Three chief benefits to the infer workflow as opposed to the dplyr workflow.
1. First, the infer verb names better align with the overall resampling framework you need to understand to construct confidence intervals and to conduct hypothesis tests.
2. Second, you can jump back and forth seamlessly between confidence intervals and hypothesis testing with minimal changes to your code. This will become apparent in Subsection 9.3.2 when we’ll compare the infer code for both of these inferential methods.
3. Third, the infer workflow is much simpler for conducting inference when you have more than one variable.

Calculate the test statistic(t value) using infer package verb actions :
- specify
- calculate

#https://cran.r-project.org/web/packages/infer/vignettes/t_test.html

library(infer)
observed_statistic <- StateLottery1 %>%
  specify(Profit ~ FundUse) %>%
  calculate(stat = "t", order = c("Education","General"))

observed_statistic

## Response: Profit (numeric)
## Explanatory: FundUse (factor)
## # A tibble: 1 × 1
##    stat
##   <dbl>
## 1  1.73

# generate the null distribution with randomization
null_distribution_2_sample_permute <- StateLottery1 %>%
  specify(Profit ~ FundUse) %>%
  hypothesize(null = "independence") %>%
  generate(reps = 1000, type = "permute") %>%
  calculate(stat = "t", order = c("Education", "General"))

# generate the null distribution with the theoretical t
null_distribution_2_sample_theoretical <- StateLottery1 %>%
  specify(Profit ~ FundUse) %>%
  hypothesize(null = "independence") %>%
  # generate() isn't used for the theoretical version!
  calculate(stat = "t", order = c("Education", "General"))

# visualize the randomization-based null distribution and test statistic!
null_distribution_2_sample_permute %>%
  visualize() + 
  shade_p_value(observed_statistic,
                direction = "two-sided")

# visualize the theoretical null distribution and test statistic!
null_distribution_2_sample_theoretical %>%
  visualize(method = "theoretical") + 
  shade_p_value(observed_statistic,
                direction = "two-sided")

null_distribution_2_sample_permute

## Response: Profit (numeric)
## Explanatory: FundUse (factor)
## Null Hypothesis: independence
## # A tibble: 1,000 × 2
##    replicate   stat
##        <int>  <dbl>
##  1         1  0.321
##  2         2  2.11 
##  3         3 -0.309
##  4         4 -0.194
##  5         5  0.859
##  6         6 -0.301
##  7         7  0.927
##  8         8  0.660
##  9         9 -0.526
## 10        10 -0.300
## # … with 990 more rows

percentile_ci <- null_distribution_2_sample_permute %>% get_confidence_interval(level = 0.99, type = "percentile")
percentile_ci

## # A tibble: 1 × 2
##   lower_ci upper_ci
##      <dbl>    <dbl>
## 1    -2.93     2.95

# visualize both null distributions and test statistic!
 
null_distribution_2_sample_permute %>%
  visualize(method = "both") + 
  shade_p_value(observed_statistic,
                direction = "two-sided")+
  shade_confidence_interval(endpoints = percentile_ci, alpha = 0.25)

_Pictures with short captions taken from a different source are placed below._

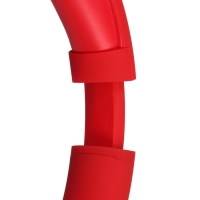 Наушники MZ300, беспроводные, полноразмерные, микрофон, BT 5.3, 400 мАч, красные Наушники MZ300, беспроводные, полноразмерные, микрофон, BT 5.3, 400 мАч, красные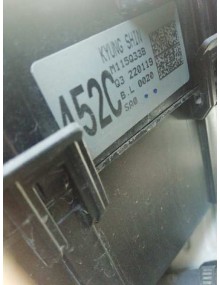 Recambio de caja reles / fusibles para kia rio 1.0 t-gdi hybrid referencia OEM IAM 91742H8520   2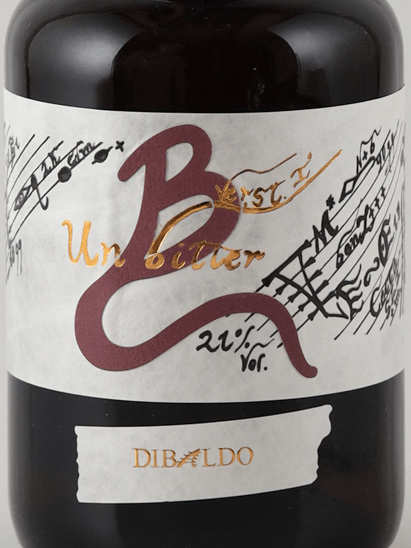 Divaldo Un Bitter - Bottle Of Japan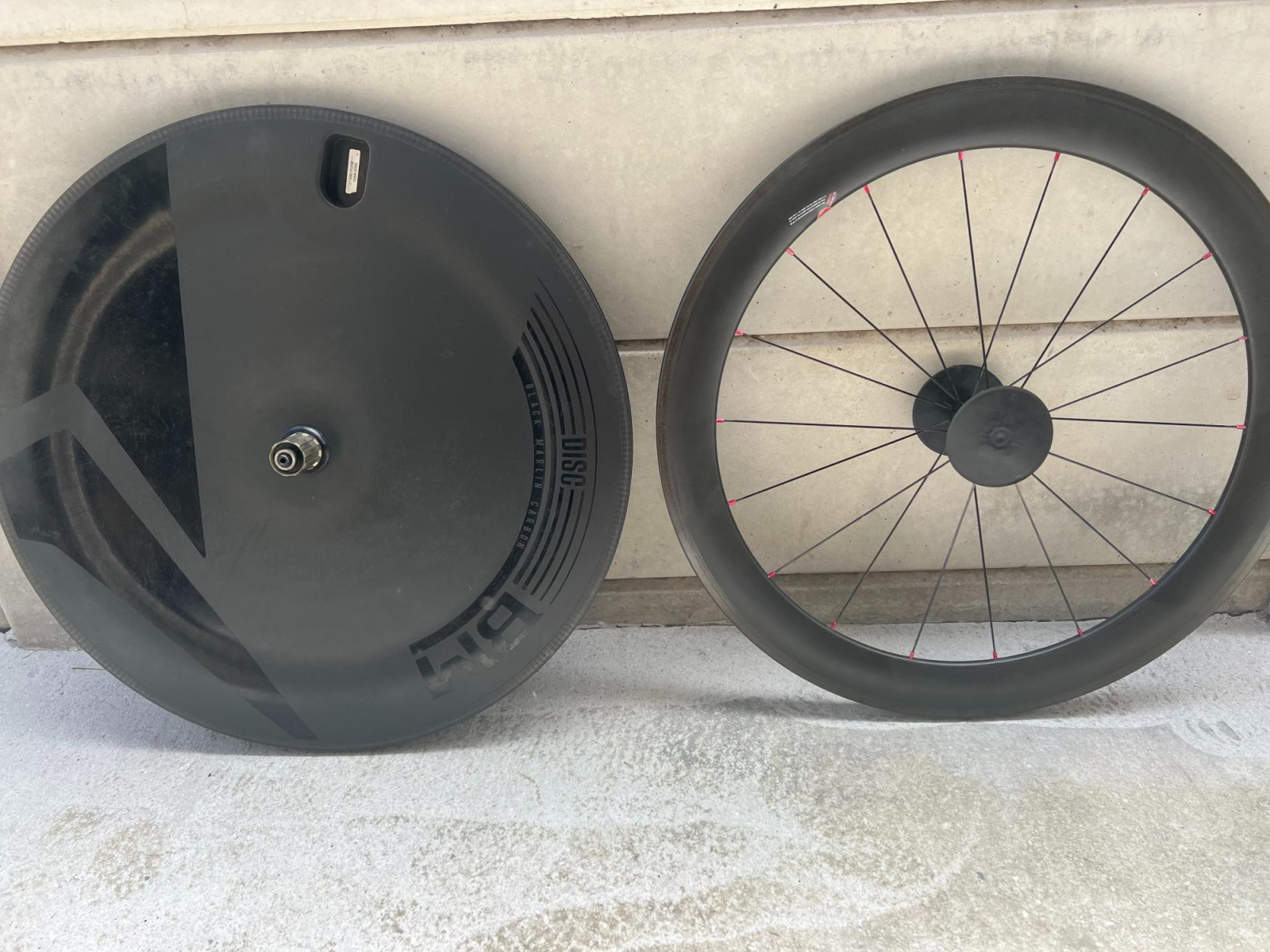 Racing Wheels Triathlon Road Bike Rims Bike Hub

t test using infer needs a relook
’’’
StateLottery1$FundUse <- as.factor(StateLottery1$FundUse)

t_test(x = StateLottery1, response = Profit, explanatory = FundUse, order = c(“Education”, “General”), alternative = “two.sided”, conf_level = 0.99, var.equal = TRUE) ’’’

# visualize both null distributions and test statistic!
 
null_distribution_2_sample_permute %>%
  visualize(method = "both") + 
  shade_p_value(observed_statistic,
                direction = "two-sided")+
  shade_confidence_interval(endpoints = percentile_ci, alpha = 0.25)

stats::t.test(x = StateLottery$`% Profit...2`,
              y = StateLottery$`% Profit...4`,
              alternative = "two.sided",
              conf.level = 0.99,
              var.equal = TRUE)

## 
##  Two Sample t-test
## 
## data:  StateLottery$`% Profit...2` and StateLottery$`% Profit...4`
## t = 1.7502, df = 19, p-value = 0.09621
## alternative hypothesis: true difference in means is not equal to 0
## 99 percent confidence interval:
##  -1.868602  7.757491
## sample estimates:
## mean of x mean of y 
##  29.83333  26.88889

The p value of 9%(0.096) is not statistically significant. So, we shall fail to reject the null. The mean profit of states using lottery to support education is not different from that of states using lottery to support general uses.

1.18.2 Inference concerning mean differences when summarised values for the two samples provided, poplation variances assumed equal

{AN INTRODUCTION TO MATHEMATICAL STATISTICS AND ITS APPLICATIONS Sixth Edition Richard J. Larsen}

9.2.3. A medical researcher believes that women typically have lower serum cholesterol than men. To test this hypothesis, he took a sample of four hundred seventy-six men between the ages of nineteen and forty-four and found their mean serum cholesterol to be 189.0 mg/dl with a sample standard deviation of 34.2. A group of five hundred ninety-two women in the same age range averaged 177.2 mg/dl and had a sample standard deviation of 33.3.Is the lower average for the women statistically significant? Set α = 0.05. Assume the variances are equal.

BSDA::tsum.test(mean.x = 189, s.x = 34.2, n.x = 476, 
          mean.y = 177.2, s.y = 33.3, n.y = 592,
          conf.level = 0.95,
          alternative = "greater",
          var.equal = TRUE)

## 
##  Standard Two-Sample t-Test
## 
## data:  Summarized x and y
## t = 5.6869, df = 1066, p-value = 8.346e-09
## alternative hypothesis: true difference in means is greater than 0
## 95 percent confidence interval:
##  8.384081       NA
## sample estimates:
## mean of x mean of y 
##     189.0     177.2

The low P value lesser than chosen significance level indicates that the difference is statistically significant. The difference is not owing to chance. Thus, we shall reject the null. The average serum cholesterol is lower in women than men.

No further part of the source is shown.